Les habitants appartiennent tous à une famille (la mienne s’appelle Spencer), un quartier (le mien s’appelle Centre4), et bien sûr à la Naol (au-delà du pays il y a une grande obscurité, vraiment effrayante). Il faut à tout prix appartenir à la famille, au quartier et au pays. Et il faut à tout prix occuper le plus de place possible au sein de chacun de ces groupes, car en Naol l’unité de mesure du succès est l’espace occupé. Henry et Ann Spencer (mes parents), deux leaders très influents au sein du fond d’investissement qui gère les retraites du pays (Deuxième Vie Inc.), occupent beaucoup d’espace (exactement 23 828 mètres carrés répartis sur une tour de soixante-quatorze étages au jour de ma naissance).”
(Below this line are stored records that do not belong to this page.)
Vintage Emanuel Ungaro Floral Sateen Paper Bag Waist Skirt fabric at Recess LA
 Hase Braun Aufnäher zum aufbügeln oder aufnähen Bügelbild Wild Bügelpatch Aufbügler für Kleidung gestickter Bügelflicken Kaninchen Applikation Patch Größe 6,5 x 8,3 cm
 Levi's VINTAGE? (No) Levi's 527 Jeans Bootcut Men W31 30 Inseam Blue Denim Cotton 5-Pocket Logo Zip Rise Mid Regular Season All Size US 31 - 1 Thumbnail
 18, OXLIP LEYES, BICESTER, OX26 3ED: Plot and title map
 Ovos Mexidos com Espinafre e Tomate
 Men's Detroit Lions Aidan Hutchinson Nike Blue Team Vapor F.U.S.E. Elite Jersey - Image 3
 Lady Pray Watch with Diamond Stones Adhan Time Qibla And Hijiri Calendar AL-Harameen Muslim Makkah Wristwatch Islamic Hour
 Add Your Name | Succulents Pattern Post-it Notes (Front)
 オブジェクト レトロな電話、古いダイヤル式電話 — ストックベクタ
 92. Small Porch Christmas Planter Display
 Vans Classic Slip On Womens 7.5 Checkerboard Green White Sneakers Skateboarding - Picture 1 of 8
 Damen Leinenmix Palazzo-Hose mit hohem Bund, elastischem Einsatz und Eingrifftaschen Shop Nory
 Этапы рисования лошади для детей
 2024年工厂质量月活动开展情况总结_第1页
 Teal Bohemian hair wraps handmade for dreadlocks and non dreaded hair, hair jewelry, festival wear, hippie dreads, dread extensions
Après avoir passé cinq années à Jérusalem, trois à New York, et trois à Beyrouth, JUSTINE AUGIER a provisoirement posé ses bagages - et ses trois enfants - à Paris.
Elle est l’autrice de deux romans parus chez Stock (Son absence, 2008 et En règle avec la nuit, 2010). En 2013, Actes Sud publie son récit polyphonique Jérusalem, portrait. En avril 2015, paraît son nouveau roman, Les idées noires.
Elle revient ensuite au récit littéraire avec le très impressionnant De l'ardeur (Histoire de Razan Zaitouneh, avocate syrienne), qui lui vaut le prix Renaudot Essai 2017. Elle retrace l'histoire de Razan Zaitouneh, dissidente syrienne enlevée en 2013, en même temps que Samira Khalil, l'épouse de Yassin al-Haj Saleh.
Avec Par une espèce de miracle, elle accompagne dans l'exil celui qui devient sous nos yeux un ami et prolonge le geste qui fait de l'écriture le lieu de son engagement.
Elle est également l'autrice, chez Actes Sud junior, de deux romans pour "ado" : La Vie étonnante d’Ellis Spencer et Nous sommes tout un monde.
JEANNE DETALLANTE a collaboré avec Vogue, The New Yorker, The New York Times, Vanity Fair, XXI ou encore les marques Sisheido, Carven, Prada et Miu Miu. Chez Actes Sud jeunnesse elle a notamment illustré le Cabinet de curiosités récompensé à la Foire de Bologne 2015 (mention catégorie Non Fiction), Paloma et le vaste monde, La Vie en architecture Entre deux infinis et Joan Baez dit "non à l'injustice".